Short text fragments from websites
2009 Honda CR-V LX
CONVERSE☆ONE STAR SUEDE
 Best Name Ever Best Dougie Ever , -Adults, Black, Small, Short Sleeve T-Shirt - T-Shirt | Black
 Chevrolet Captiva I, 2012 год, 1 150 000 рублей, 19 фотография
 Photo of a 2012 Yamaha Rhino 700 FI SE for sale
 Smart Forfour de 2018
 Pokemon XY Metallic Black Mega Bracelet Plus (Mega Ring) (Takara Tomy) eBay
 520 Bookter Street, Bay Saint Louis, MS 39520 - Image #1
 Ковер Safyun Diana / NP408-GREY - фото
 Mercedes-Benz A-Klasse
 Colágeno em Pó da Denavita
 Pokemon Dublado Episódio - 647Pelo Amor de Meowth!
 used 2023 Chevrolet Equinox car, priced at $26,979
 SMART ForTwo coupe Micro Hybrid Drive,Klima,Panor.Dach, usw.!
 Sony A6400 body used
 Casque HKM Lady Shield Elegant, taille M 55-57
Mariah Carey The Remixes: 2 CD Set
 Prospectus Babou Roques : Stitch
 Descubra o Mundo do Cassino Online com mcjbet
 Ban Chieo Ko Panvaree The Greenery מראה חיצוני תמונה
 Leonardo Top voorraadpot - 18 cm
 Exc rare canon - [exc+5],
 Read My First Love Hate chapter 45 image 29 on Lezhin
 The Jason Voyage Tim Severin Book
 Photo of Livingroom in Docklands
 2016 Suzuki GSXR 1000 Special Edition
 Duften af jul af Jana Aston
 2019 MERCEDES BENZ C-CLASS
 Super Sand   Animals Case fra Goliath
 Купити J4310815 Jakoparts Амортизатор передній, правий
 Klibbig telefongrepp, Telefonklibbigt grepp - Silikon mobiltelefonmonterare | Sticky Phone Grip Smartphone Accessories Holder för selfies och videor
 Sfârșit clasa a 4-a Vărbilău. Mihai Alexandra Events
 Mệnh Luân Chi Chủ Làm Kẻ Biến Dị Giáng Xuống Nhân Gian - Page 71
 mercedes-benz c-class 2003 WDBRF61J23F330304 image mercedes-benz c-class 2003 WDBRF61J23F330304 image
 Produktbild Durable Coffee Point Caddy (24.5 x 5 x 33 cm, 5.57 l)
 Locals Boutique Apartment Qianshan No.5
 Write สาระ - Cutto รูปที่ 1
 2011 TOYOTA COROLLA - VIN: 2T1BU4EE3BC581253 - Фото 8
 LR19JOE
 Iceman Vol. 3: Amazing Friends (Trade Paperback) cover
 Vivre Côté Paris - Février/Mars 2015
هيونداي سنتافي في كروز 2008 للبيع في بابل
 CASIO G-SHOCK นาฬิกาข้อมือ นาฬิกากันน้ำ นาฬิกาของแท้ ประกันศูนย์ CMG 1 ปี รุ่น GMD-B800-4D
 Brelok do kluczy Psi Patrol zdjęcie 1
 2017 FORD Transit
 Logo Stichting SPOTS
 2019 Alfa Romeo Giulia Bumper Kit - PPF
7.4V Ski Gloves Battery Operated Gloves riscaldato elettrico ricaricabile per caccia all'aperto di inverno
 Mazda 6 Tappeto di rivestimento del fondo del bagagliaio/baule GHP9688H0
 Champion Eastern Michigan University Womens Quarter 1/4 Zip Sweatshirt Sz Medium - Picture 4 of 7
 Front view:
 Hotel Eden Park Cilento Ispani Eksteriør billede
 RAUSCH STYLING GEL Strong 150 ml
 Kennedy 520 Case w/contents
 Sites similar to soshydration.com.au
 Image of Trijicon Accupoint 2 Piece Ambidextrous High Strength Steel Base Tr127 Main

▶ Exercise requirements
Among the records above, extract exactly the lines from the line with "Sfârșit clasa a" to the line with "هيونداي سنتافي في كروز 2008 للبيع في بابل", both lines included, and leave out the rest.

▶ Answer section
 Sfârșit clasa a 4-a Vărbilău. Mihai Alexandra Events
 Mệnh Luân Chi Chủ Làm Kẻ Biến Dị Giáng Xuống Nhân Gian - Page 71
 mercedes-benz c-class 2003 WDBRF61J23F330304 image mercedes-benz c-class 2003 WDBRF61J23F330304 image
 Produktbild Durable Coffee Point Caddy (24.5 x 5 x 33 cm, 5.57 l)
 Locals Boutique Apartment Qianshan No.5
 Write สาระ - Cutto รูปที่ 1
 2011 TOYOTA COROLLA - VIN: 2T1BU4EE3BC581253 - Фото 8
 LR19JOE
 Iceman Vol. 3: Amazing Friends (Trade Paperback) cover
 Vivre Côté Paris - Février/Mars 2015
هيونداي سنتافي في كروز 2008 للبيع في بابل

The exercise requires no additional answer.